We are approaching the end of the fifty days of Easter. The last day of Easter is this Sunday, the feast of Pentecost, at which we celebrate the gift of the Holy Spirit to the church. The writer of Luke and Acts has this “red letter” event occurring fifty days after Jesus’ resurrection. The writer of John’s gospel has it occurring among the disciples in the locked room on the very day of Jesus’ rising from the grave. In either case these writers are making an important theological connection with the resurrection of Jesus to the presence of the Holy Spirit.
For centuries the church has looked back towards the past to find meaning in the resurrected Jesus. The church has treated this central event of the faith as a singular miracle… a once upon a time miracle where God defies the laws of nature and raises the dead body of Jesus to new life. Over the theological history of the church we have been taught that if God is willing to do this, then we too will be raised on the last day when God will re-inhabit the earth… when God will be all in all. This I would argue is at best an over simplification, and at worst a pathology. God doesn’t defy nature. God inhabits it.
The resurrection appearances of Jesus in scripture are odd… There is no resurrection appearance in Mark, and in the other gospels the disciples don’t at first recognize the risen Christ. The writers seem to be concerned more with the notion of recognition than they are with the literal account of Jesus being raised from the dead. What is that recognition about? Something happened to be sure… but what?

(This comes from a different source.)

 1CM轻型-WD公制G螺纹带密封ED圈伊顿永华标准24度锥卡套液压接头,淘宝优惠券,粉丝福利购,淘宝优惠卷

The answer I think is found in the connection these gospel scribes make between resurrection and the presence of the Holy Spirit. They are making the case that resurrection is not a past reality, but an ongoing way of life, and that that life is manifest in and among the community of believers. Jesus’ martyrdom evoked from his followers their passion for his cause, a passion for meaning and purpose. His torture and death called forth a renewed commitment from his followers to persevere against the evil that besets them. They become aware dramatically that the love they bear is stronger than death itself, and this awareness engenders immeasurable joy and perspective and courage.
The Spirit is the ongoing life of Jesus that we all bear, as natural as breath. Resurrection life is a testimony to our capacity to love, and that love is the most powerful force on earth, and that it will continue undaunted in restoring all people and all things into the heart of God. Do I believe in the bodily resurrection of Jesus? Absolutely. Resurrection life didn’t just happen a long time ago in a land far far away. It is present in every breath, in every act of love. The season of Easter may be ending, but resurrection is always and forever. In every act of love God’s life lives on… Alleluia, Christ is risen… the Lord is risen indeed, Alleluia.